Right, AFAICT, we were moving to eager FPU at that time and this commit
is part of the lazy FPU removal stuff.

> So I can't tell you why it is okay but I can explain why it is done
> (well, that part I puzzled together).

I hate the fact that we have to puzzle stuff together for the FPU code.
;-\

> The task is running and using FPU registers. Then an evil mind sends a
> signal. The task goes into kernel, prepares itself and is about to
> handle the signal in userland. It saves its FPU registers on the stack
> frame. It zeros its current FPU registers (ready for a fresh start),
> loads the address of the signal handler and returns to user land
> handling the signal.
> 
> Now.
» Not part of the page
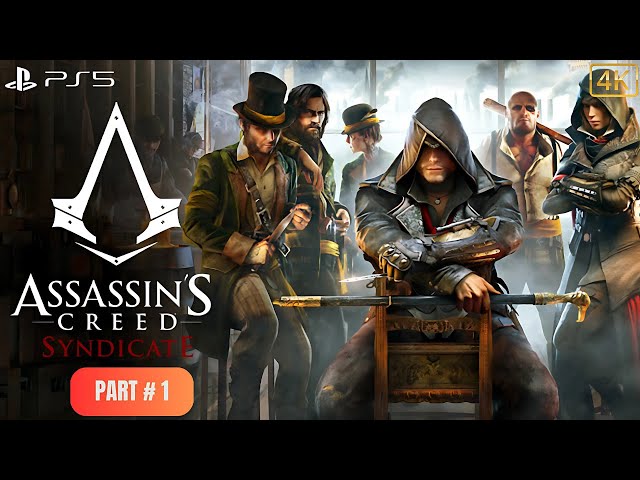 Assassin's Creed Syndicate : 4k Ultra HDR Gameplay Walkthrough Part 1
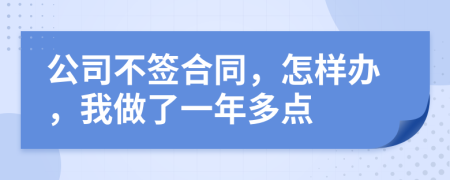 公司不签合同，怎样办，我做了一年多点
The signal handler may use FPU registers and the signal handler
> maybe be preempted so you need to save the FPU registers of the signal
> handler and you can't mix them up with the FPU register's of the task
> (before it started handling the signal).
> 
> So in order to avoid a second FPU struct it saves them on user's stack
> frame. I *think* this (avoiding a second FPU struct) is the primary
> motivation.

Yah, makes sense. Sounds like something we'd do :-)

> A bonus point might be that the signal handler has a third
> argument the `context'. That means you can use can access the task's FPU
> registers from the signal handler. Not sure *why* you want to do so but
> yo can.

For <raisins>.

> I can't imagine a use case and I was looking for a user and expecting it
> to be glibc but I didn't find anything in the glibc that would explain
> it. Intel even defines a few bytes as "user reserved" which are used by
> "struct _fpx_sw_bytes" to add a marker in the signal and recognise it on
> restore.
> The only user that seems to make use of that is `criu' (or it looked
> like it does use it). I would prefer to add a second struct-FPU and use
> that for the signal handler. This would avoid the whole dance here.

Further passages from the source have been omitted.